THE POLAR EXPEDITIONS AND THE SEARCH FOR THE NORTH-WEST PASSAGE, I
|Chancellor received by the Czar.|
The Czar, who up to this time, had not been able to procure European merchandise, except by way of Poland, and who wished to gain access to the German seas, saw with pleasure the attempts of the English to establish a trade which would be beneficial to both parties. He not only received Chancellor courteously, but he made him most advantageous offers, granted him great privileges and encouraged him, by the kindness of his reception, to repeat his voyage. Chancellor sold his merchandise to great advantage, and after taking on board another cargo of furs, of seal and whale oils, copper, and other products, returned to England, carrying a letter from the Czar. The advantages which the Company of Merchant Adventurers had derived from this first voyage, encouraged them to attempt a second. So Chancellor the following year, made a fresh voyage to Archangel, and took two of the Company's agents to Russia, who concluded an advantageous treaty with the Czar. Then he set out again for England with an ambassador and his suite, sent by Ivan to Great Britain. Of the four vessels which composed the flotilla, one was lost on the coast of Norway, another as it left Drontheim, and the Bonaventure, on board of which were Chancellor and the ambassador, foundered in the Bay of Pitsligo, on the east coast of Scotland on the 10th of November, 1556. Chancellor was drowned in the wreck, being less fortunate than the Muscovite ambassador, who had the good luck to escape; but the presents and merchandise which he was carrying to England were lost.
|Wreck of the Bonaventure.|
Such was the commencement of the Anglo-Russian Company. A goodly number of expeditions succeeded each other in those parts, but it would be beside our purpose to give an account of them. Let us now return to Cabot.
It was in 1554 that Queen Mary of England was married to Philip II., King of Spain. When the latter came to England he showed himself very ill-disposed towards Cabot, who had abandoned the service of Spain, and who, at this very moment was procuring for England a commerce which would soon immensely increase the maritime power of an already formidable country. Thus we are not surprised to learn that eight days after the landing of the King of Spain, Cabot was forced to resign his office and his pension, both of which had been bestowed upon him for life by Edward VI. Worthington was nominated in his place. Mr. Nicholls thinks that this dishonourable man, who had had some quarrels with the law, had a secret mission to seize among Cabot's plans, maps, instructions, and projects, those which could be of use to Spain. The fact is that all these documents are now lost, at least unless they may yet be discovered among the archives of Simancas.
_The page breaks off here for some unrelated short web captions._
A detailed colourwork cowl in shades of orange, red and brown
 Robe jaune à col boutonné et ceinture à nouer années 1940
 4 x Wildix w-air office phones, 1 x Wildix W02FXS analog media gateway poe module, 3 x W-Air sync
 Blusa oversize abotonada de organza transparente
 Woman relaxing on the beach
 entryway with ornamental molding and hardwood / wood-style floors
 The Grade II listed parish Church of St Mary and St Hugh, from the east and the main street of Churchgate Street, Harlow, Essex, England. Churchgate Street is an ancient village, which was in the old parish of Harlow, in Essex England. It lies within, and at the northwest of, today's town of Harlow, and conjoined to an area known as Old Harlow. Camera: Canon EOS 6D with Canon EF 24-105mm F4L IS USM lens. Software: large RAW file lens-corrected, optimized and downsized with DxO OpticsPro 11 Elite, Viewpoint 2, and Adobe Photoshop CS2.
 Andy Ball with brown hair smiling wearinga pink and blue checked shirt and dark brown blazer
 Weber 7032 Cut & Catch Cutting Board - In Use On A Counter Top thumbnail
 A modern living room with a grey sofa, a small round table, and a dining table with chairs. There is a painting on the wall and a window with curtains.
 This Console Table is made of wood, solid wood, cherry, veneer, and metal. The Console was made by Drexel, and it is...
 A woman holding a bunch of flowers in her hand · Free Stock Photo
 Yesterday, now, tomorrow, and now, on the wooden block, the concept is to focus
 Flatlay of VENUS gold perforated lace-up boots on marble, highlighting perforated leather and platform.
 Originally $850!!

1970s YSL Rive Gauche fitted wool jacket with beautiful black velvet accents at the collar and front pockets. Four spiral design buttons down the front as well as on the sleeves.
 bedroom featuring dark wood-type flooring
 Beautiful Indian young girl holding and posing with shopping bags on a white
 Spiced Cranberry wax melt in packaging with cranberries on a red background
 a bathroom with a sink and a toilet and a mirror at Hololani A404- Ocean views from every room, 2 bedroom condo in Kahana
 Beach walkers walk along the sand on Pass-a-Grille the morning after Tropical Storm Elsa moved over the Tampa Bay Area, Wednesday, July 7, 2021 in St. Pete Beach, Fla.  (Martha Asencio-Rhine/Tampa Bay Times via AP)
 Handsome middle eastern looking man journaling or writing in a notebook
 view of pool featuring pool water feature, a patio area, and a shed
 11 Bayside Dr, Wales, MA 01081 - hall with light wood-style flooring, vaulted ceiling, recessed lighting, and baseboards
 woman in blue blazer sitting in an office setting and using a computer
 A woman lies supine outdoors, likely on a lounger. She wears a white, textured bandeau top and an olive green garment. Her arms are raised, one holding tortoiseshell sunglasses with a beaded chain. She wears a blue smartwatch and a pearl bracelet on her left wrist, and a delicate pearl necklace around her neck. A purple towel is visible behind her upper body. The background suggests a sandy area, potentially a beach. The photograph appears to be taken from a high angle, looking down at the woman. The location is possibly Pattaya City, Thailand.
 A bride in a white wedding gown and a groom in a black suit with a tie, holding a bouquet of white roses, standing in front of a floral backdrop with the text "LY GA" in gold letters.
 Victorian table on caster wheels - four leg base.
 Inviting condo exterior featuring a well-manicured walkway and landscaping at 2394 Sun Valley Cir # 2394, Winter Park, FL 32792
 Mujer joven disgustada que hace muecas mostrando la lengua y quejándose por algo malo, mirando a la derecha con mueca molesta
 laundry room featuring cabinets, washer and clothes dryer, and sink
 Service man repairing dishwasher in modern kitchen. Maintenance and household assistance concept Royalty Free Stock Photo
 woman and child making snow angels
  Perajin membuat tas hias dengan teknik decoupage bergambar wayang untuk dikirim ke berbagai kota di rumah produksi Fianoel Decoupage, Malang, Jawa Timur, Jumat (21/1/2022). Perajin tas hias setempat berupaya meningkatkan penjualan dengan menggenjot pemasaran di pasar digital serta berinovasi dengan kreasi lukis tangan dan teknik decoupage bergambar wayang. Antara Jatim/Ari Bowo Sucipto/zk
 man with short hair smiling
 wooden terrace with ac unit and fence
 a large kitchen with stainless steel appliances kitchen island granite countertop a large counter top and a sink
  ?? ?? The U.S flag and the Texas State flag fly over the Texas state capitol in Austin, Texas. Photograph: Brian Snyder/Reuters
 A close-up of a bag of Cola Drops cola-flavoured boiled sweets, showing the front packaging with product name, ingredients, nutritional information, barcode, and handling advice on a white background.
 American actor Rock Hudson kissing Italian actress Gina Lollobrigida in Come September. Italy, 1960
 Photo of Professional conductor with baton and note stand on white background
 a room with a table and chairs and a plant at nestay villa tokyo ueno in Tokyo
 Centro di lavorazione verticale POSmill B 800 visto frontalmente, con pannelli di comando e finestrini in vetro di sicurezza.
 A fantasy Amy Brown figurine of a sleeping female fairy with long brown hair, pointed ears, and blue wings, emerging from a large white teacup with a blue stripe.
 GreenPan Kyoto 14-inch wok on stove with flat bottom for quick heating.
At the end of this period, history completely loses sight of the old mariner. The same mystery which hangs over his birth, also envelopes the place and date of his death. His immense discoveries, his cosmographical works, his study of the variations of the magnetic needle, his wisdom, his humane disposition, and his honourable conduct, place Sebastian Cabot in the foremost rank among discoverers. A figure lost in the shadow and vagueness of legends until our own day, Cabot owes it to his biographers, to Biddle, D'Avezac, and Nicholls, that he is now better known, more highly appreciated, and for the first time really placed in the light.